▶ **RECORDED DATA**:
####################
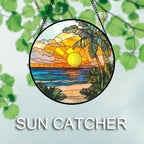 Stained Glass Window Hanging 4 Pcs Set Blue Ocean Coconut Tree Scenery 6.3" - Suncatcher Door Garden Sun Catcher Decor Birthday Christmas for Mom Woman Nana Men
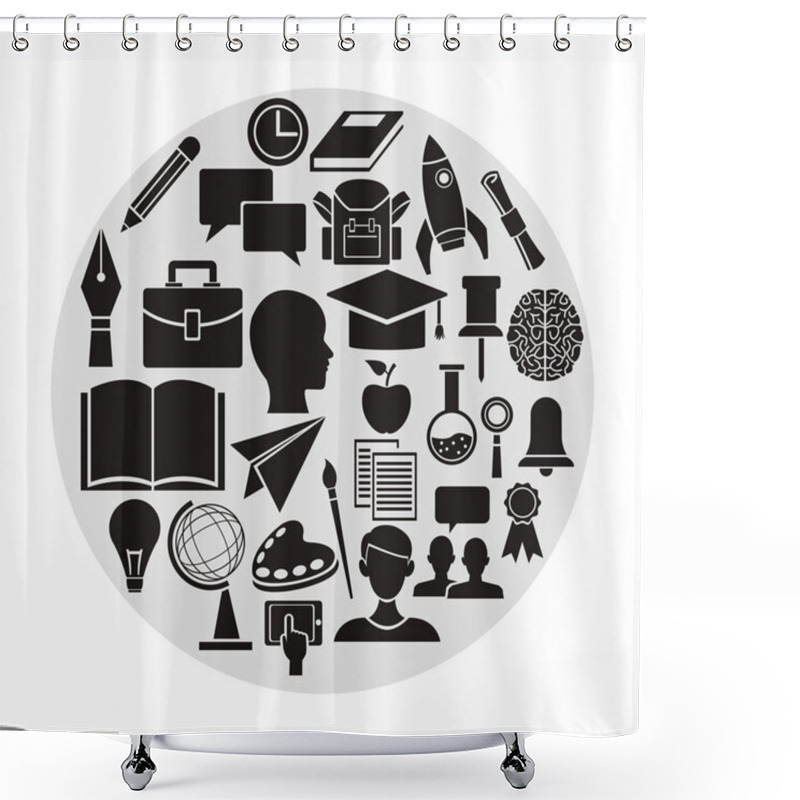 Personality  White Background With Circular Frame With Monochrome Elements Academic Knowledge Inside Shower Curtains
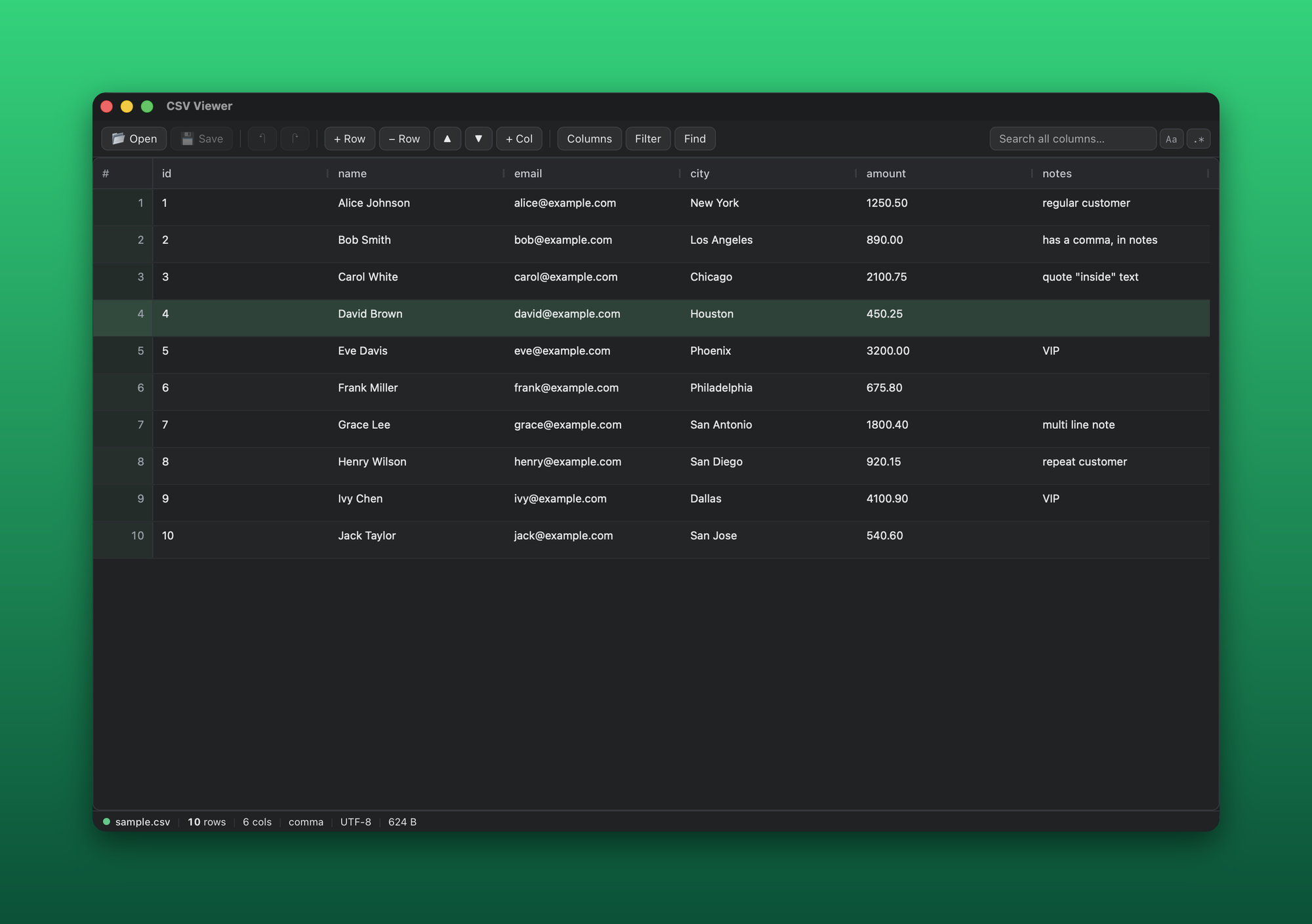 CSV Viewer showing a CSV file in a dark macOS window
####################
Reproduce the data above line for line, excluding every picture.

 Stained Glass Window Hanging 4 Pcs Set Blue Ocean Coconut Tree Scenery 6.3" - Suncatcher Door Garden Sun Catcher Decor Birthday Christmas for Mom Woman Nana Men
 Personality  White Background With Circular Frame With Monochrome Elements Academic Knowledge Inside Shower Curtains
 CSV Viewer showing a CSV file in a dark macOS window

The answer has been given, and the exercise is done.